D’ailleurs, petite anecdote, j’ai aidé DC Shoes à se lancer. À leur tout début, les mecs de Droor Clothing sont venus me voir. Ils voulaient faire des shoes. Mais personne ne voulait les aider. Moi, leur projet m’a tout de suite parlé. Il s’agissait de chaussures de skate faites par des skateurs comme etnies. Donc on a lancé DC ensemble.

Pendant longtemps, on a eu l’impression que etnies avait oublié ses racines françaises. Comment expliques-tu ce retour de flamme soudain ?

etnies est une marque qui a été lancée à partir des Etats-Unis. En France, on est toujours resté très présent avec le distributeur Jean Marc Vaissette via V7. Après, par comparaison des autres marques, on ne dispose pas des mêmes budgets marketing. On mise avant tout sur le fait que ce sont des chaussures développées par des skateurs pour des skateurs avec des exigences de fabrication très élevées au niveau de la durabilité, du board feel et de l’accroche.

Depuis quelque temps, tu fais pas mal de déplacement ici en France, etnies sponsorise beaucoup d’événements locaux comme le Red Bull Conquest qui s’est déroulé ici à Paris l’année dernière, les Jeux Olympiques de 2024 se dérouleront aussi à Paris. Les JO ne sont-ils pas également une opportunité dont etnies souhaiterait se saisir ?
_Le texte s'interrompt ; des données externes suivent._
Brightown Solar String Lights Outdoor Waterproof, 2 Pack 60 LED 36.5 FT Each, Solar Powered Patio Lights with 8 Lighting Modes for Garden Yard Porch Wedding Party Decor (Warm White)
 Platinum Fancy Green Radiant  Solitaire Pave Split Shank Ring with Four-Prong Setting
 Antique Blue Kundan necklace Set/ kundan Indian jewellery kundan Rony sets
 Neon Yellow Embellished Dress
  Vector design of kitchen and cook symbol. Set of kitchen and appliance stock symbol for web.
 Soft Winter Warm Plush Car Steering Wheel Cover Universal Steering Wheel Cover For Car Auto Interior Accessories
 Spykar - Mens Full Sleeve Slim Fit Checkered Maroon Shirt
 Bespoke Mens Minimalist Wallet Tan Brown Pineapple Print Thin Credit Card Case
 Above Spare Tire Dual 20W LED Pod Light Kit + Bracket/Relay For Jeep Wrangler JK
Avec toute l’effervescence qui se déroule autour des jeux, c’est hyper important d’être présent autant pour le skate que pour la culture et de s’assurer que les décisions vont dans le bon sens. On aimerait aussi se servir de cet engouement pour expliquer au mieux ce qu’est la culture skate au gouvernement et aux municipalités. Il y a une certaine responsabilité d’etnies, qui est né à Paris puis parti aux US pour grandir et rayonner à travers le monde.

C’est aussi une opportunité pour nous de pousser les pouvoirs en place à ouvrir plus de skateparks, d’infrastructures, etc. Mais aussi de les faire vivre par la suite en organisant des activités, des évènements, des cours. Parce qu’un lieu où juste les skateurs viennent rouler, ça ne sert à rien. Il faut faire vivre l’endroit.

Ici à Paris, bizarrement, on n’a pas de skatepark digne de ce nom

C’est incroyable ! Alors qu’ils vont monter un skatepark sur la place de la Concorde. À la place, ils auraient pu créer un espace couvert, qui perdure. J’avais bien essayé de les convaincre que ce n’était pas une bonne idée. Mais ils n’ont pas voulu. Avec ce park éphémère en plein cœur de Paris, leur objectif est de se servir de la place de la Concorde et du skate comme d’une carte postale. Même si c’est une belle exposition pour le skate, ce n’est quand même pas cool pour les locaux.

« Avec ce park éphémère en plein cœur de Paris, leur objectif est de se servir de la place de la Concorde et du skate comme d’une carte postale. »

Je leur avais soufflé l’idée de créer un park au Champs de Mars. On aurait pu créer un super park avec de la pelouse qui monte et qui descend. Quand il fait beau, le skatepark monte et quand il fait moche, le skatepark descend. C’est couvert. Je leur avais vendu ça comme un projet architectural incroyable qui aurait pu faire rêver les gens. Au lieu de ça, ils ont préféré ce park éphémère.
Aujourd’hui, il faut faire avec. On va continuer de pousser pour avoir ce park.

ITW Pierre André Senizergues

Vous faites du lobbying

En quelque sorte. Après, je ne suis pas du tout impliqué dans les Jeux Olympiques ou à avec la ville de Paris. J’essaye d’aider à mon niveau et de leur faire bénéficier de mes 45 ans de skate. Je suis d’ici, aujourd’hui, je vis aux US. J’ai créé un skatepark aux US, à Lake Forrest, qui appartient à la ville. C’est aussi ma carte de visite quand je leur parle de projets de park. Il faut continuer à en parler.

Moi ça m’étonne quand par exemple, je vois Charlotte Hym, qui participe aux JO, expliquer dans Le Parisien qu’elle s’entraine parfois sous un pont. C’est fou ça !
Et puis il y a aussi le fait que nous sommes dans une grande ville. Les décisions sont plus lentes à prendre. Alors que dans de plus petites villes, les choses vont vite. Mais ça va finir par arriver.